Integrate with Object Storage
Integrate Object Storage with Swift
In the Hadoop Eco service, you can integrate Object Storage data with Swift to access buckets.
When creating a Hadoop Eco cluster, you must set the key in core-site.xml to access the data in Object Storage.
Encrypted buckets in Object Storage are not supported in kr-central-2
. If using an encrypted bucket, query execution may fail.
An access key is required to access Object Storage. You can generate an access key with your credentials at KakaoCloud Console > User Profile > Access Key. For more details, refer to Access Key Generation.
Add during cluster creation (Cluster detailed settings)
When creating a cluster, write the following in the cluster's detailed settings.
{
"configurations": [
{
"classification": "core-site",
"properties": {
"fs.swifta.service.kc.credential.id": "credential_id",
"fs.swifta.service.kc.credential.secret": "credential_secret"
}
}
]
}
Modify after cluster creation (Modify core-site.xml)
If you need to modify after cluster creation, enter the access key information as follows in the /etc/hadoop/conf/core-site.xml
file.
<configuration>
<property>
<name>fs.swifta.service.kc.credential.id</name>
<value>credential_id</value>
</property>
<property>
<name>fs.swifta.service.kc.credential.secret</name>
<value>credential_secret</value>
</property>
</configuration>
Example usage
The schema of Object Storage is as follows.
Object Storage schema
Hadoop
You can check the data in Object Storage using fs commands such as ls, mkdir, put, get in Hadoop.
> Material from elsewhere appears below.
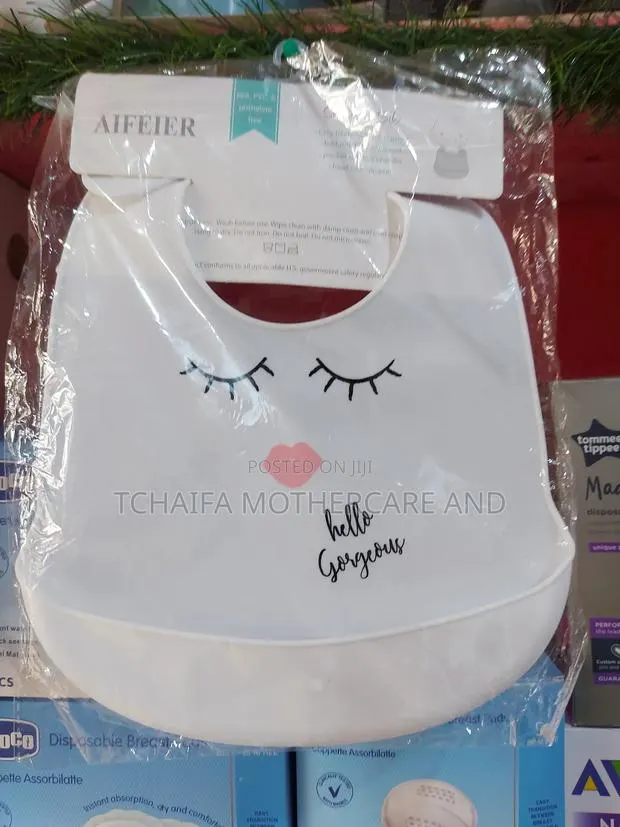 Silicone Bib · Photo 1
$ hadoop fs -ls swifta://logan-test.kc/
Found 2 items
-rw-rw-rw- 1 ubuntu ubuntu 6 2021-07-14 02:30 swifta://logan-test.kc/abc.txt
drwxrwxrwx - ubuntu ubuntu 0 2021-07-14 04:12 swifta://logan-test.kc/user
hive
You can check data in Object Storage by specifying LOCATION as Object Storage when creating a table.
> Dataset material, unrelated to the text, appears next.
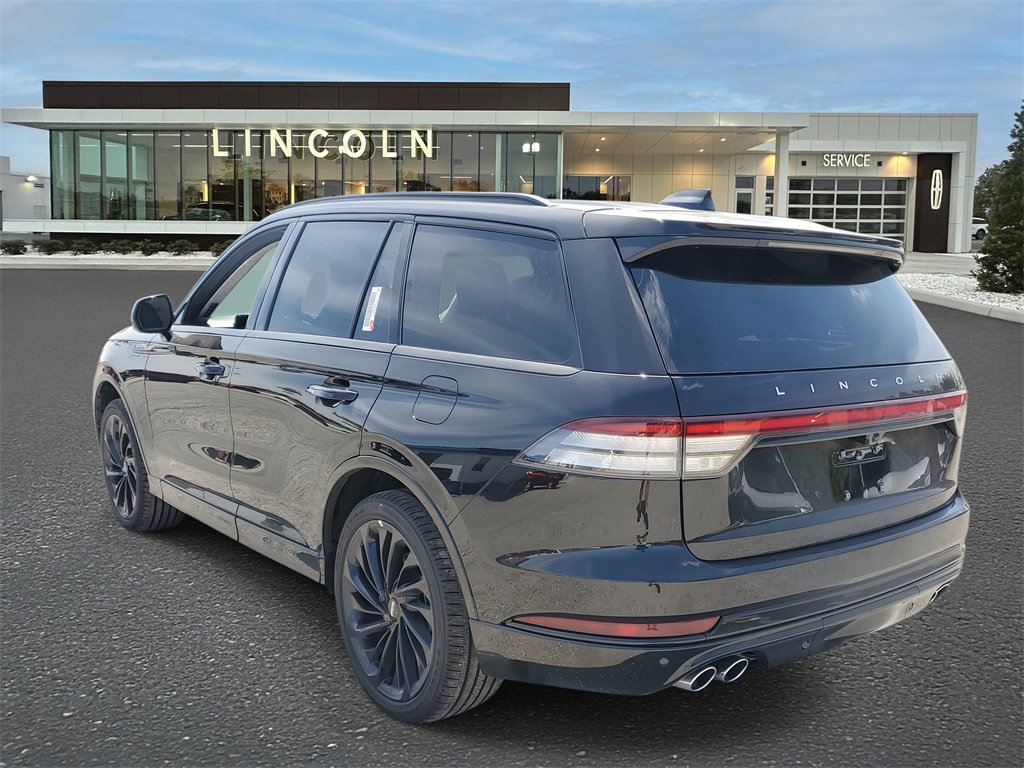2025 Lincoln Aviator Reserve photo 3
-- Create table by specifying LOCATION to Object Storage
CREATE EXTERNAL TABLE tb_objectstorage (
col1 STRING
)
LOCATION 'swifta://logan-test.kc/tb_objectstorage'
;
-- Insert data
insert into table tb_objectstorage values ('a'), ('b'), ('c');
-- Query data
select col1, count(*) from tb_objectstorage group by col1;
# Check with Hadoop commands
$ hadoop fs -ls swifta://logan-test.kc/tb_objectstorage
Found 1 items
-rw-rw-rw- 1 ubuntu ubuntu 16 2022-03-31 06:16 swifta://logan-test.kc/tb_objectstorage/000000_0.snappy
Spark
You can specify Object Storage as the location to read data in Spark.
$ ./bin/spark-shell
Setting default log level to "WARN".
To adjust logging level use sc.setLogLevel(newLevel). For SparkR, use setLogLevel(newLevel).
22/04/01 05:54:58 WARN Client: Neither spark.yarn.jars nor spark.yarn.archive is set, falling back to uploading libraries under SPARK_HOME.
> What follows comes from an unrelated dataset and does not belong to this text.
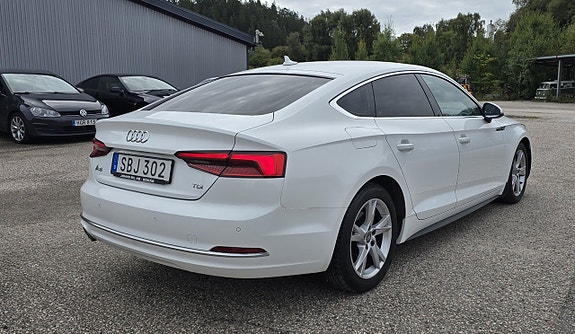 Audi A5 2 of 20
Spark context Web UI available at http://hadoopmst-hadoop-single-1:4040
Spark context available as 'sc' (master = yarn, app id = application_1648703257814_0004).
Spark session available as 'spark'.
Welcome to
____ __
/ __/__ ___ _____/ /__
_\ \/ _ \/ _ `/ __/ '_/
/___/ .__/\_,_/_/ /_/\_\ version 2.4.6
/_/
Using Scala version 2.11.12 (OpenJDK 64-Bit Server VM, Java 1.8.0_262)
Type in expressions to have them evaluated.
Type :help for more information.
scala>
scala> val peopleDF = spark.read.format("json").load("swifta://logan-test.kc/people.json")
peopleDF: org.apache.spark.sql.DataFrame = [name: string]
scala> peopleDF.show()
+-------+
| name|
+-------+
|Michael|
| Andy|
| Justin|
+-------+
trino
You can check the Object Storage integrated table created in Trino.
# Check hive table
hive (default)> desc formatted t2;
OK
col_name data_type comment
# col_name data_type comment
col1 string
# Detailed Table Information
Database: default
Owner: ubuntu
CreateTime: Thu Jul 14 00:14:27 UTC 2022
LastAccessTime: UNKNOWN
Retention: 0
Location: swifta://logan-test.kc/t2
Table Type: MANAGED_TABLE
Table Parameters:
STATS_GENERATED_VIA_STATS_TASK workaround for potential lack of HIVE-12730
numFiles 9
totalSize 165
transient_lastDdlTime 1657757711
# Storage Information
SerDe Library: org.apache.hadoop.hive.serde2.lazy.LazySimpleSerDe
InputFormat: org.apache.hadoop.mapred.TextInputFormat
OutputFormat: org.apache.hadoop.hive.ql.io.HiveIgnoreKeyTextOutputFormat
Compressed: No
Num Buckets: -1
Bucket Columns: []
Sort Columns: []
Storage Desc Params:
serialization.format 1
Time taken: 8.039 seconds, Fetched: 28 row(s)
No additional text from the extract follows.